Melihat di beberapa daerah banyak orang berebut sembako sumbangan yang ditayangkan berturut – turut pada beberapa hari terakhir dalam acara berita di televisi, simbok saya jadi terheran-heran sekaligus prihatin. Orang susah ternyata ada dimana – mana. Ada banyak orang yang lebih susah dibandingkan keluarga kami di desa yang hidup pas-pasan.
Saya bertanya pada simbok, apakah bila di balai desa kita ada pembagian sembako, simbok juga akan datang mengantri untuk mendapatkan sembako gratis/murah. Apakah kira-kira para tetangga kita akan berbondong-bondong ke balai desa untuk mengantri untuk mendapatkan sembako gratis/murah?
Berbagi, apalagi itu dilakukan di bulan Ramadhan memang amaliyah mulia. Wujud peri kemanusiaan kita. Tetapi kenapa kita tidak memanfaatkan cara-cara berbagi yang moderen seperti penyelenggara LAZIS dan sejenisnya agar apa yang kita bagikan lebih memberi kontribusi bagi kemaslahatan.
Siapapun tidak ingin menjadikan bulan Ramadhan sebagai bulan pameran kemiskinan bangsa. Saya kira …
Sebagian orang mengapa memilih membagikan secara langsung apakah karena kurang percaya, ya Mas dengan badan-badan semacam LAZIS itu?
Saya terkadang ngga suka melihat pembagian dan penjualan sembako murah, memang terlihat sekali bahwa kita seperti sedang memamerkan kemiskinan, apalagi sampai diliput media. Menyedihkan…. 😦
Ya, heran banget sama fenomena ini. Kok ya mereka bisa ya kayak gitu? *speechless*
sebuah ironi, namun bukan hanya terjadi di bulan Ramadhan ini, di luar juga saat pembagian jatah raskin, semua mengaku miskin. Ketika didata BPS mereka tidak mau mengaku miskin. Akhirnya statistik negara ini kadang kacau.

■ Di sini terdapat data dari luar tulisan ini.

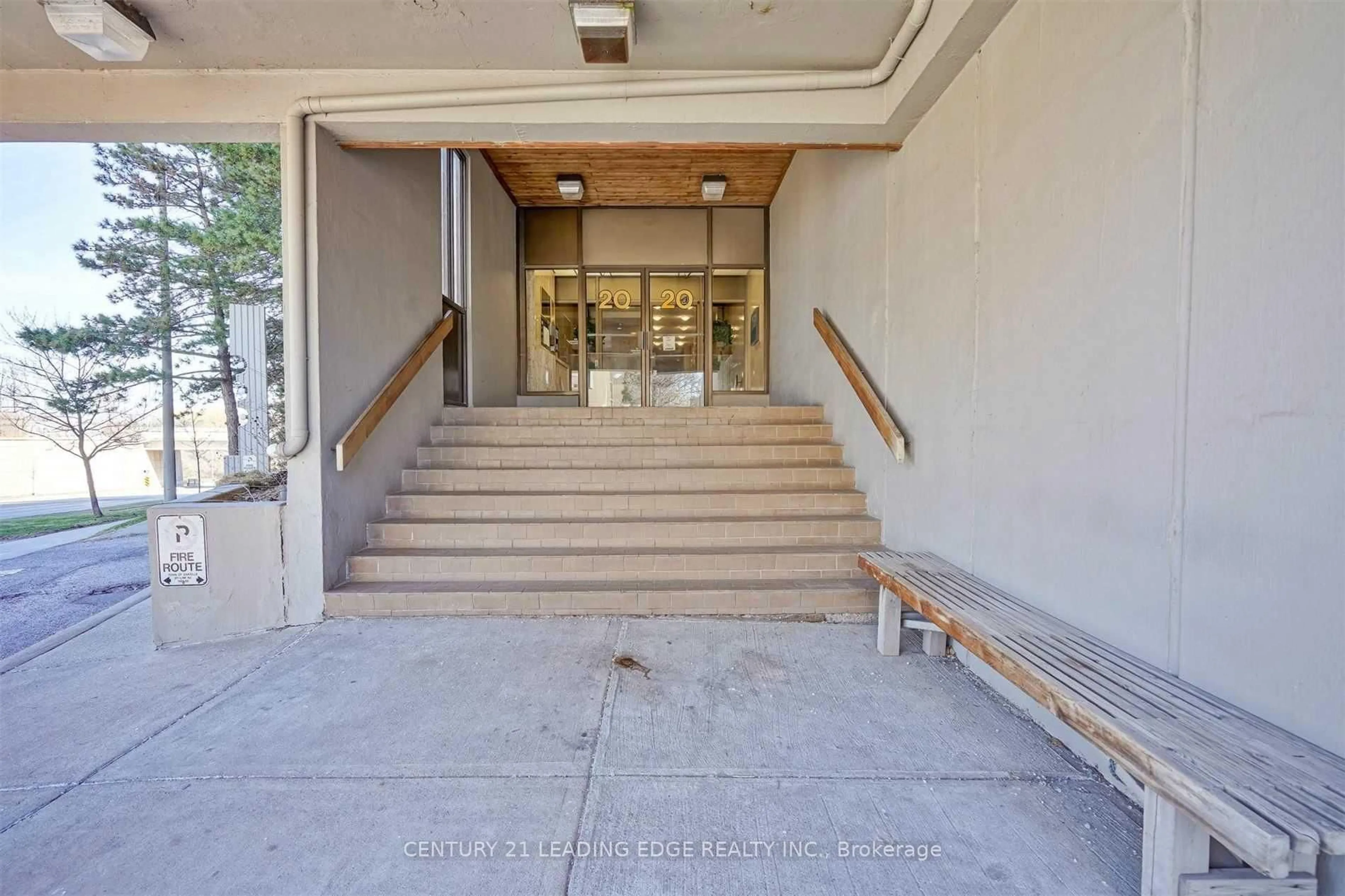 Indoor foyer for 20 Speers Rd #805, Oakville Ontario L6K 3R5
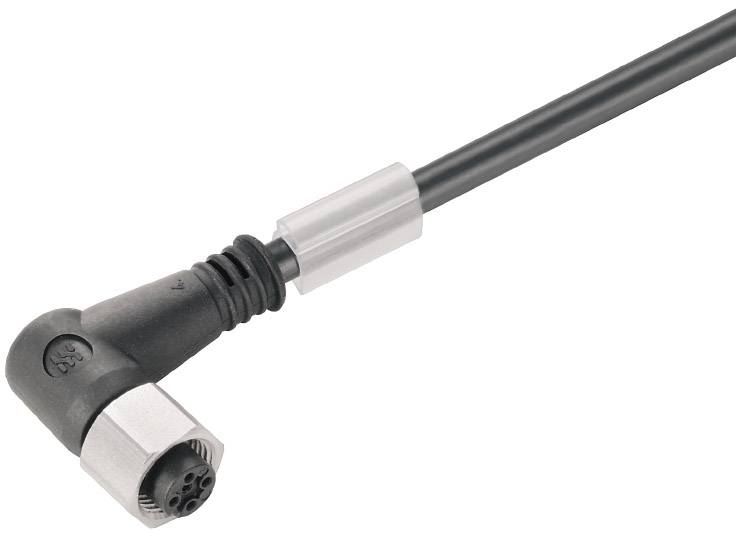 Winkelstecker mit schwarzem Kabel und silbernem Befestigungselement, verwendet zur elektrischen Verbindung oder Datenübertragung.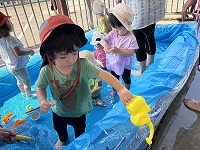 プールで遊ぶ子どもたち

Alhamdulillah simbok saya termasuk orang yang malu untuk rebutan jatah-jatah seperti itu, macam BLT, daging kurban, sembako murah, dsb.
Entah kenapa mereka rela menyebut diri termasuk “orang miskin” hingga harus berebutan.
Perlu ditanamkan rasa malu pada bangsa ini, “tontonan” seperti itu kok tidak membuat bangsa ini terlecut untuk berubah menjadi lebih baik.